* **Your goal**
Transcribe the data verbatim and drop its images.

* **Data**
--------
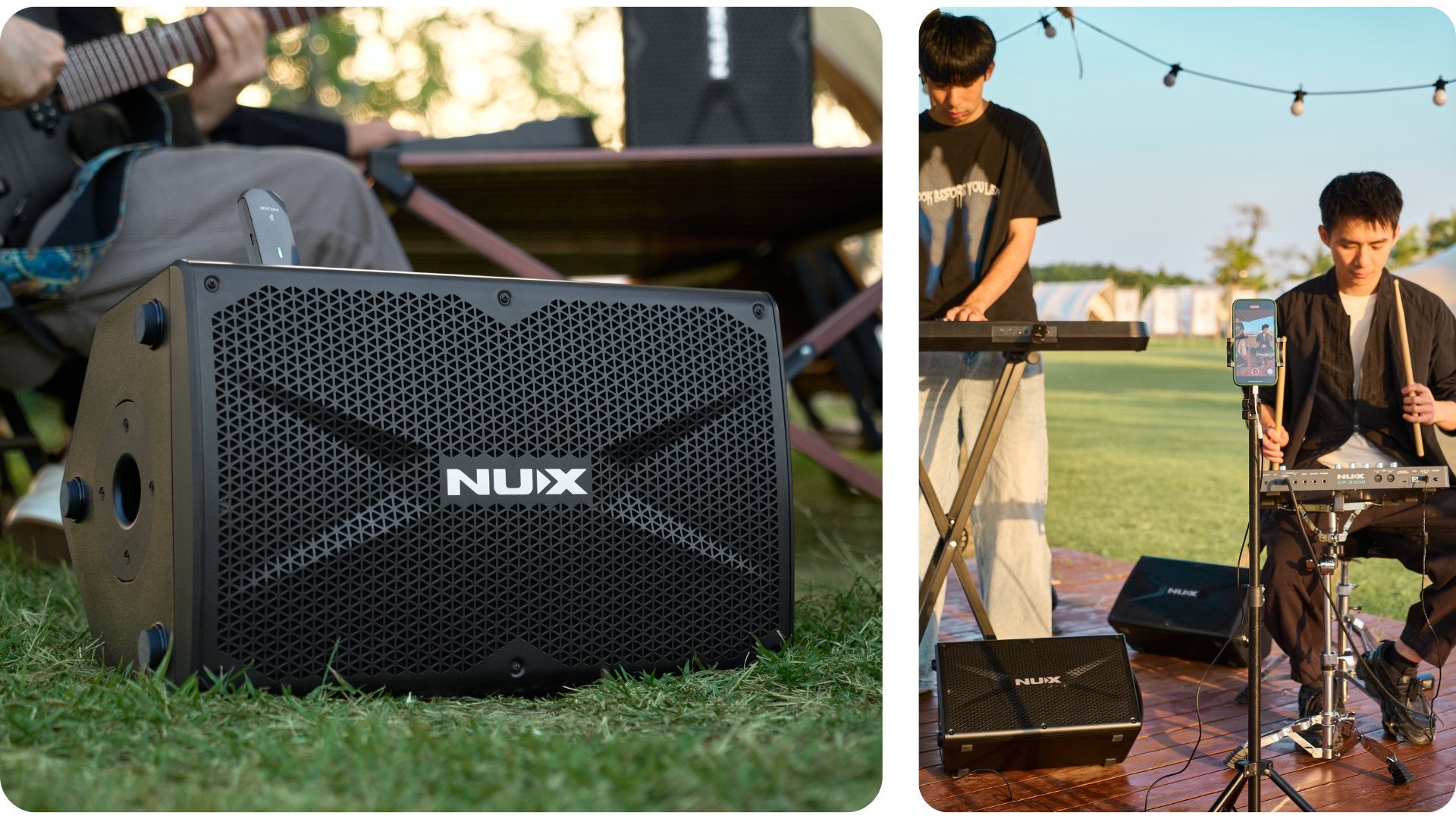 People performing outdoors using the NUX Busking 200FR amp.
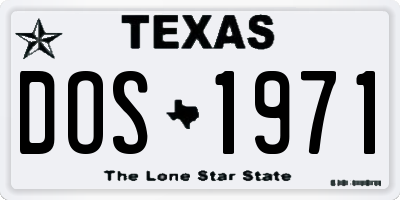 TX license plate DOS1971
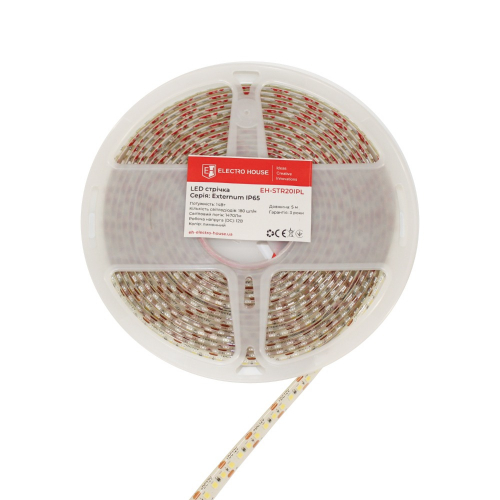 LED стрічка ElectroHouse Externum IP65 180шт/м 14W/м 12V лимонний EH-STR20IPL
--------
* **Solution for this exercise**
 People performing outdoors using the NUX Busking 200FR amp.
 TX license plate DOS1971
 LED стрічка ElectroHouse Externum IP65 180шт/м 14W/м 12V лимонний EH-STR20IPL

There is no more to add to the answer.